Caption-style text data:
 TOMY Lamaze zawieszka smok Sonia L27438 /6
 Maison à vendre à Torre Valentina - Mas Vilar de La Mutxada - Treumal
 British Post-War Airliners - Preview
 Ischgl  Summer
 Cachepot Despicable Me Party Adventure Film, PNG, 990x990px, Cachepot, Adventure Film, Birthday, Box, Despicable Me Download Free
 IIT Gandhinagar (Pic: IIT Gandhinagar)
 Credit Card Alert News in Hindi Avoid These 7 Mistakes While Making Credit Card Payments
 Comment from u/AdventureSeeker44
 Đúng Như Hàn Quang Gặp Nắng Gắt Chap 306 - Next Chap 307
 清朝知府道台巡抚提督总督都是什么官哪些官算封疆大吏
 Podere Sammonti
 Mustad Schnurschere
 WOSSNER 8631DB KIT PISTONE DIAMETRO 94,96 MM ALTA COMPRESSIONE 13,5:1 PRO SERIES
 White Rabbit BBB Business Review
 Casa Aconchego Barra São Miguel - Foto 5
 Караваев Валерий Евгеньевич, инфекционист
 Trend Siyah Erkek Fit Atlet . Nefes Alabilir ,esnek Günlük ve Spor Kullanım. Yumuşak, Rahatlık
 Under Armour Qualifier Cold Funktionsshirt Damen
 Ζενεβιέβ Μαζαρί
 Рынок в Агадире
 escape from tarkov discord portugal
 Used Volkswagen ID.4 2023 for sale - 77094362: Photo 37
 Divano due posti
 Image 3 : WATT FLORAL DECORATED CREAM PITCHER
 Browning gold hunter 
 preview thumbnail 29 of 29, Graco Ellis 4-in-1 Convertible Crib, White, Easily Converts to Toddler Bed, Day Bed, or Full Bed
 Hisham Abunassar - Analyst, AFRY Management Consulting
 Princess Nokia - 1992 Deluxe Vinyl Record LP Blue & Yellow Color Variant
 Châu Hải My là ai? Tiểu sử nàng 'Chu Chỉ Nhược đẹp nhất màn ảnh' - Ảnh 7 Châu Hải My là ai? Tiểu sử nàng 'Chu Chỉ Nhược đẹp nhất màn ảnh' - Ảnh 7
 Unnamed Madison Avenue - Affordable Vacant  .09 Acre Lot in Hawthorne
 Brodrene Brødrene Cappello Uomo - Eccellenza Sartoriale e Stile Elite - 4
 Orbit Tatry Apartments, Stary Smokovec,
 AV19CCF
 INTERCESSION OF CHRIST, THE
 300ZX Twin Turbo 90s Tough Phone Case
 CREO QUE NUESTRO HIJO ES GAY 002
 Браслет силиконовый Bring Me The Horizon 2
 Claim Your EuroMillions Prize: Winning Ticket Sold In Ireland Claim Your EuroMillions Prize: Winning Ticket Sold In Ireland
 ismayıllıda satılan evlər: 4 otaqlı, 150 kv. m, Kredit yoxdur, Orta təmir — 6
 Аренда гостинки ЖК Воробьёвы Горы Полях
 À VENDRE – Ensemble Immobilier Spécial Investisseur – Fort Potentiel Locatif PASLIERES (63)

WORK TO BE COMPLETED
Please show every line of the records that holds the word "White".

RESPONSE BELOW
 White Rabbit BBB Business Review
 preview thumbnail 29 of 29, Graco Ellis 4-in-1 Convertible Crib, White, Easily Converts to Toddler Bed, Day Bed, or Full Bed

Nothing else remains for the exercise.